Extracted records below:
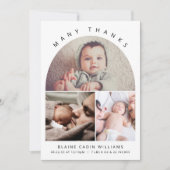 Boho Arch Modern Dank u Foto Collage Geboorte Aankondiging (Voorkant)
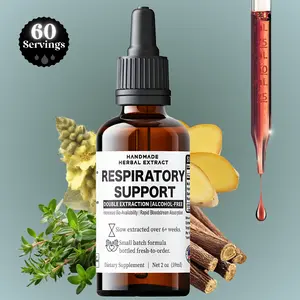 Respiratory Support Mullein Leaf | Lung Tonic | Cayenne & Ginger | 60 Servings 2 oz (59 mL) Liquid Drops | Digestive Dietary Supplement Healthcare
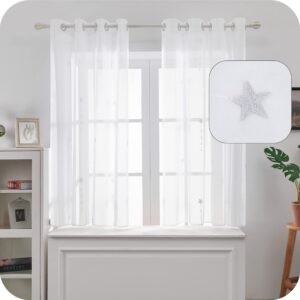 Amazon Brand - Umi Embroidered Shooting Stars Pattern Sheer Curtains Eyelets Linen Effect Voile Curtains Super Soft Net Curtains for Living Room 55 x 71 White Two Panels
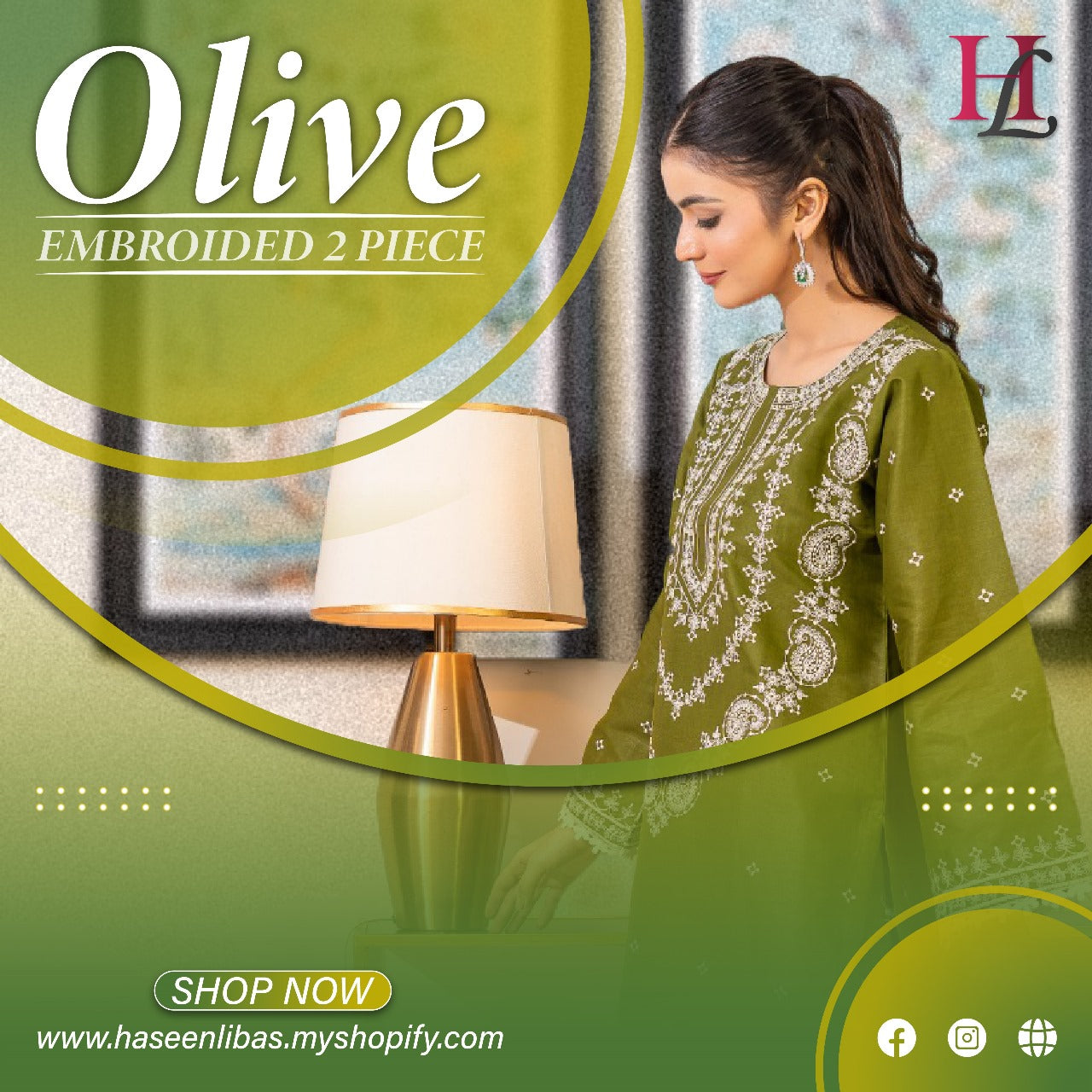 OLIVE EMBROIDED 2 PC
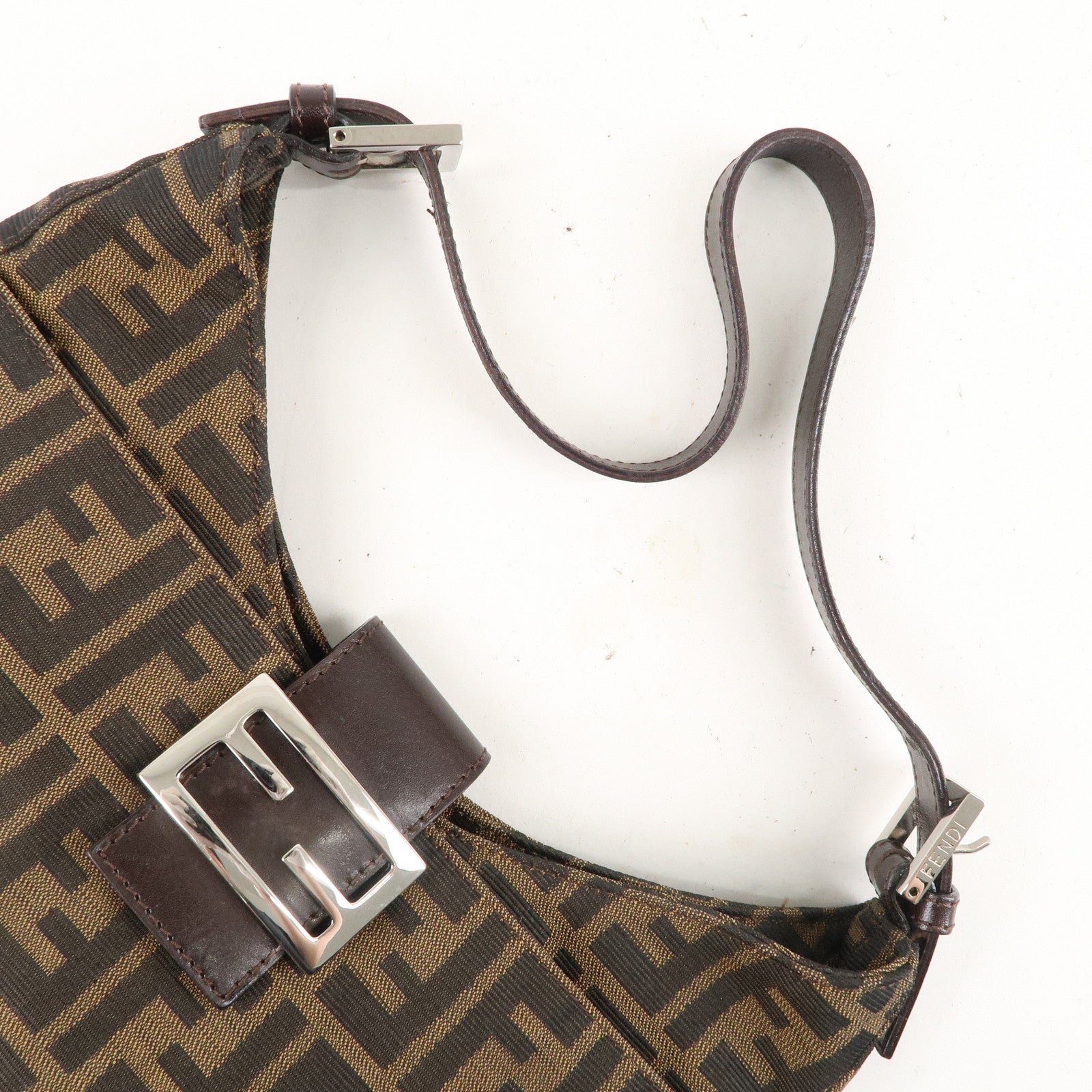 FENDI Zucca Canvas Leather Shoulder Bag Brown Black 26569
End of Extracted records.
▶ Exercise brief
Pictures are to be excluded; all other material must be transcribed exactly.

▶ Answer area
 Boho Arch Modern Dank u Foto Collage Geboorte Aankondiging (Voorkant)
 Respiratory Support Mullein Leaf | Lung Tonic | Cayenne & Ginger | 60 Servings 2 oz (59 mL) Liquid Drops | Digestive Dietary Supplement Healthcare
 Amazon Brand - Umi Embroidered Shooting Stars Pattern Sheer Curtains Eyelets Linen Effect Voile Curtains Super Soft Net Curtains for Living Room 55 x 71 White Two Panels
 OLIVE EMBROIDED 2 PC
 FENDI Zucca Canvas Leather Shoulder Bag Brown Black 26569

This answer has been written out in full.